Brody sandor lÖdön Salamon[2] d’heureuse mémoire a un jour organisé une soirée sur l’Île Margit et a demandé à Sándor Bródy qui passait ses vacances sur l’Île d’y intervenir. Vint le moment du concert, la salle s’est remplie à souhait d’un public élégant qui attendait patiemment les réjouissances artistiques promises par le programme.

Ödön Salamon balaye du regard le camp de ses fidèles et remarque avec effarement l’absence de Sándor Bródy. Il prit ses jambes à son cou et courut le chercher dans sa villa. Bródy était allongé en bras de chemise sur un canapé et rêvassait dans la fumée de son cigare. Salamon l’entreprit dans son désespoir :

- Mais Sándor ! Pour l’amour du ciel ! Le concert commence !

- Ah oui ?

Bródy continua de fumer son cigare, visiblement, l’affaire du concert ne lui faisait ni chaud ni froid. Salamon se tordait les mains.

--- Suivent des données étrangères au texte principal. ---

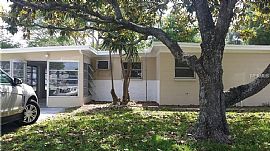 11385 104th St, Largo, Fl 33773 in Largo, FL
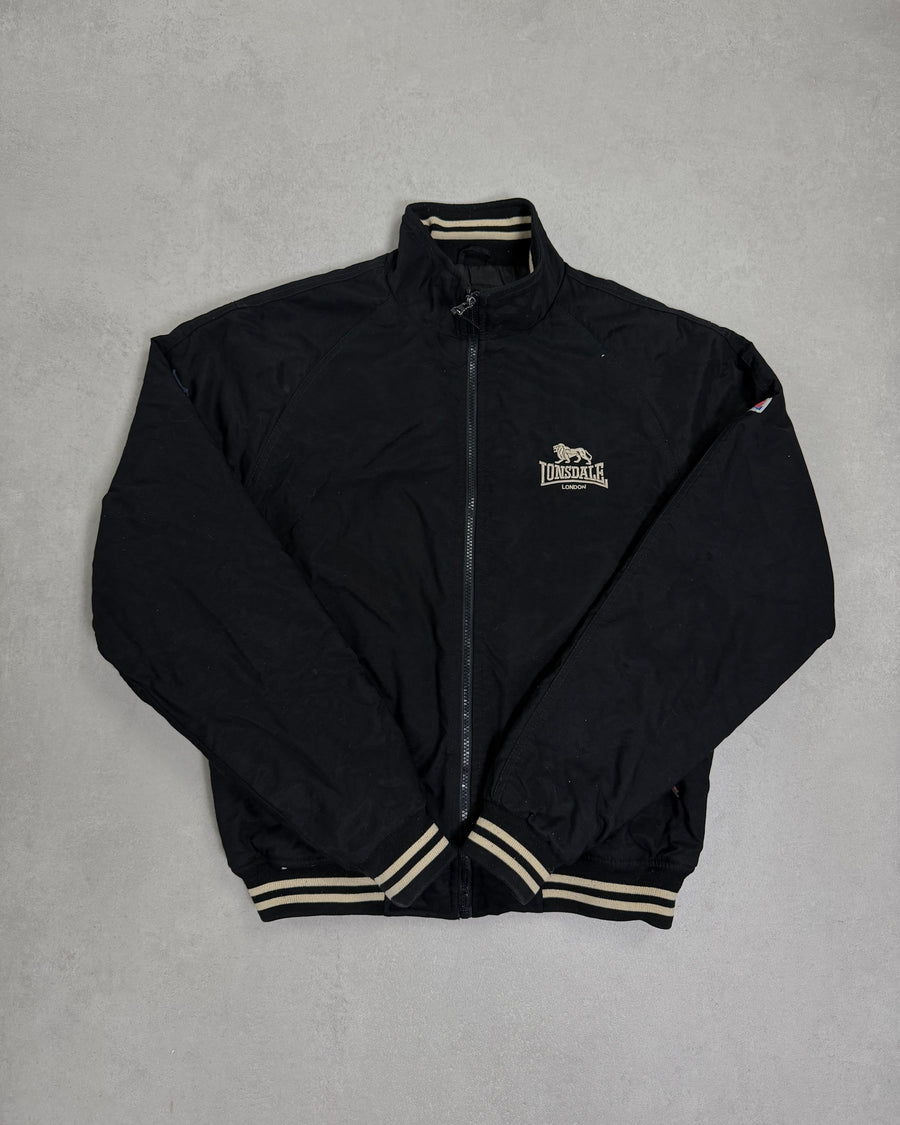 Lonsdale Bomberjacke Schwarz mit cremefarbenen Bündchen – Vorderseite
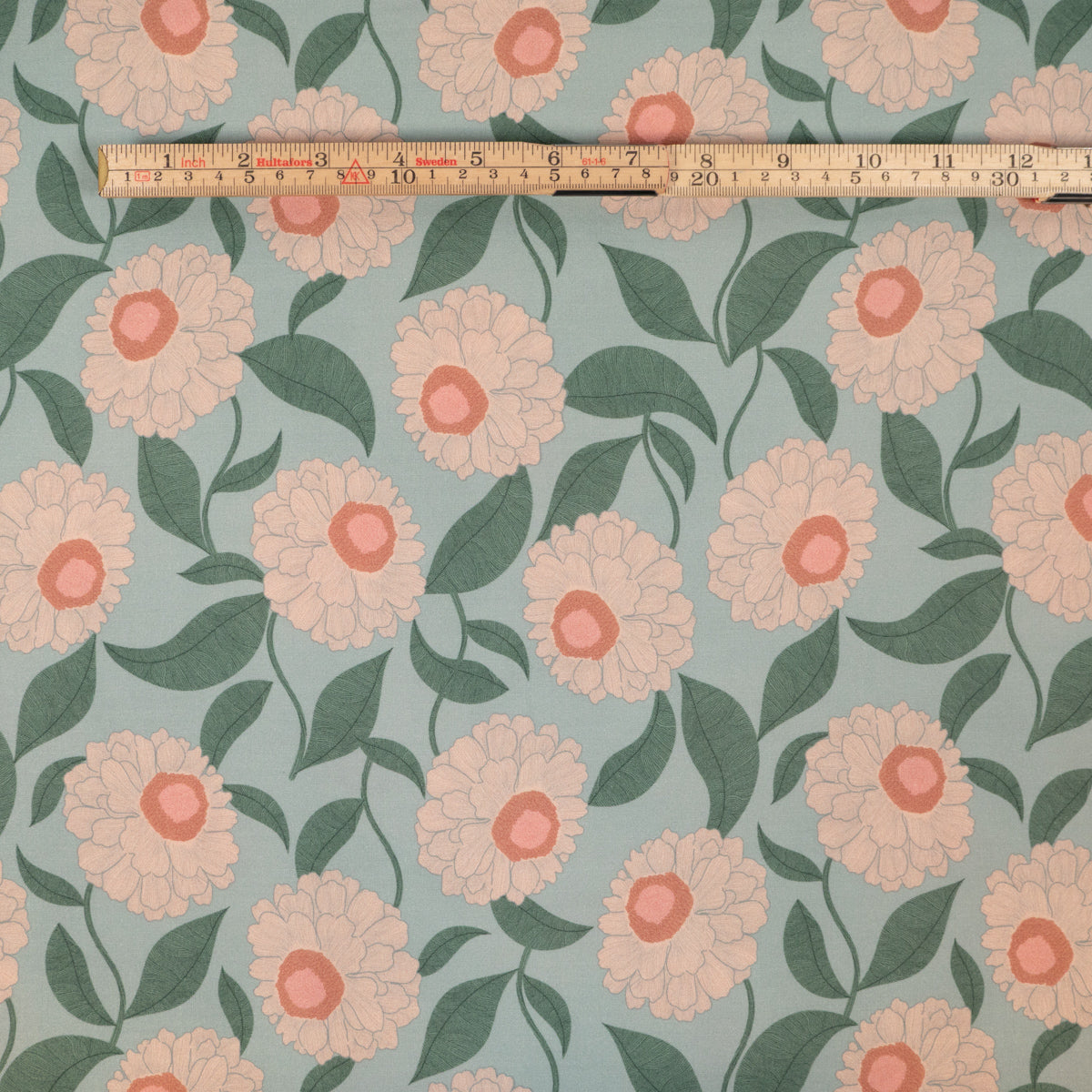 Gros plan sur la viscose fleurie Soft bloom, montrant la taille du motif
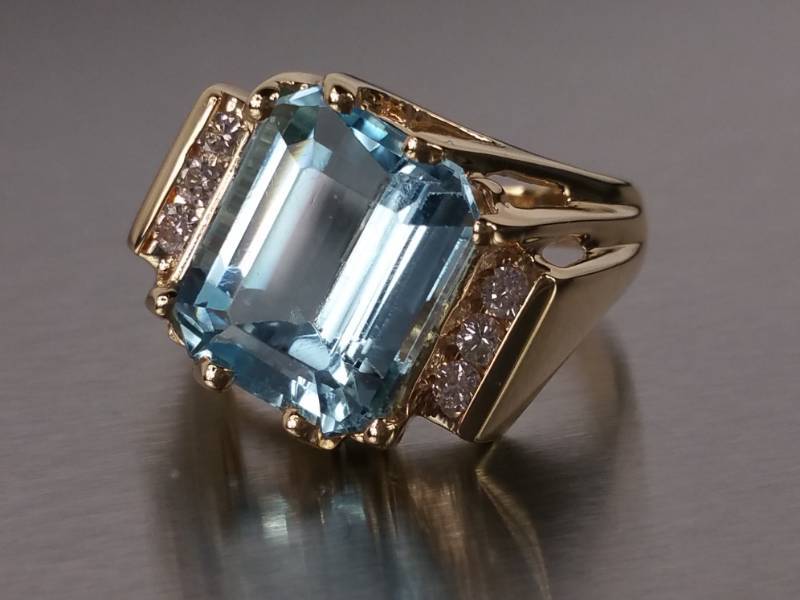 lot 4 image: Fine Natural Aquamarine and Diamond Custom Estate Ring in 14k Gold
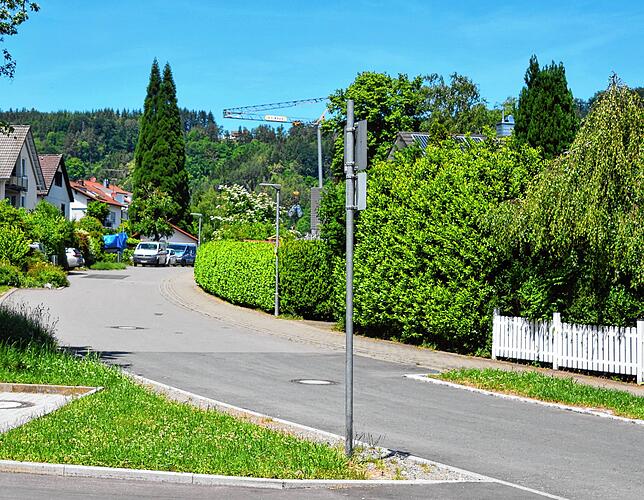 Ab hier in der Talstraße beginnt im Oktober der Kanalausbau. Der dunkle Asphalt vorne zeigt, wo die Grube war, in der die ...
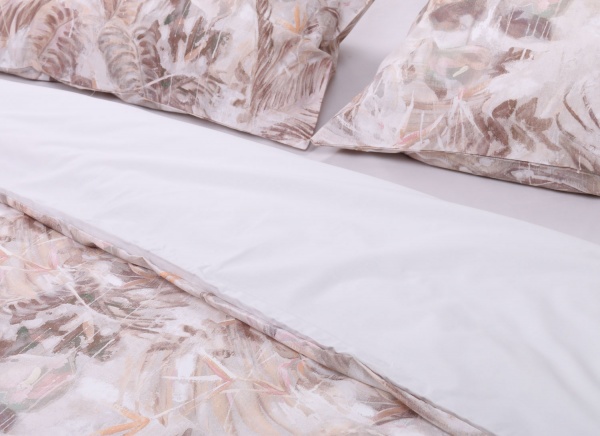 Комплект постельного белья Paris семейный бежевый Guy Laroche 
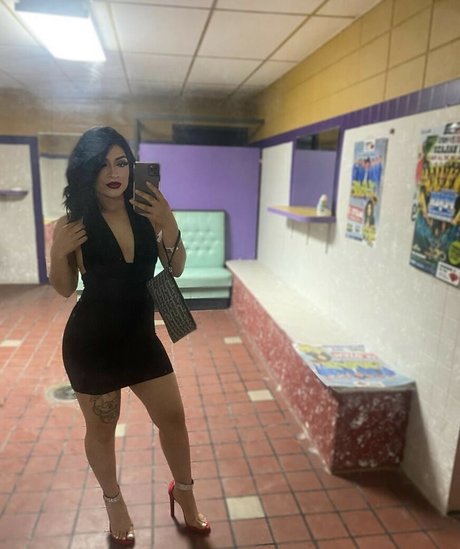 Nacktes geleaktes OnlyFans-Foto von Jenny215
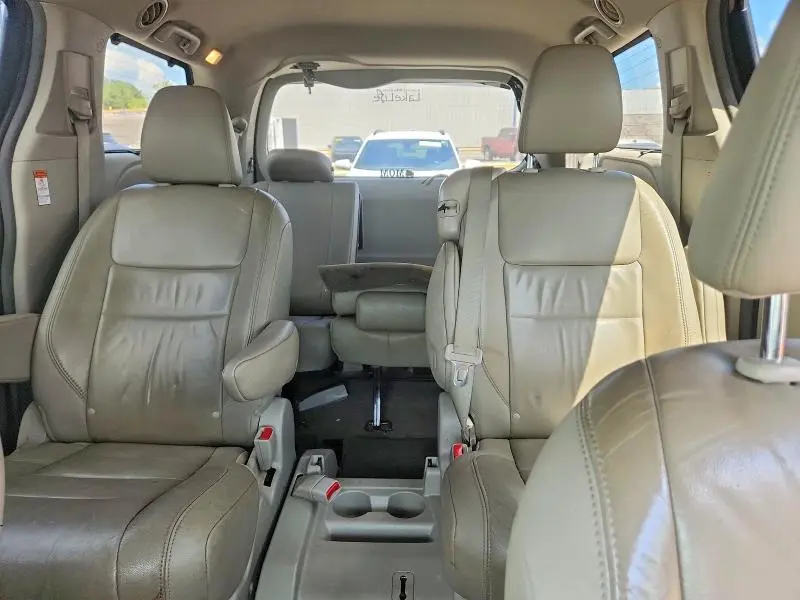 2015 TOYOTA SIENNA XLE 8-PASSENGER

- Mais Sándor ! Change-toi !

- Pour quoi faire ?

- Tu ne vas quand même pas monter comme ça sur scène ?

Sándor Bródy ouvrit de grands yeux et dit avec étonnement :

- Je ne t’ai tout de même pas promis de faire une lecture ? Si oui, nous voilà dans de beaux draps ! Je l’ai complètement oublié !

Ödön Salamon se tordit derechef les mains de désespoir.

- Tu pourrais lire quelques pages de tes anciens écrits !

- Je n’ai pas l’ombre d’une feuille avec moi. Je ne suis pas un colporteur qui trimballe sa marchandise sur soi.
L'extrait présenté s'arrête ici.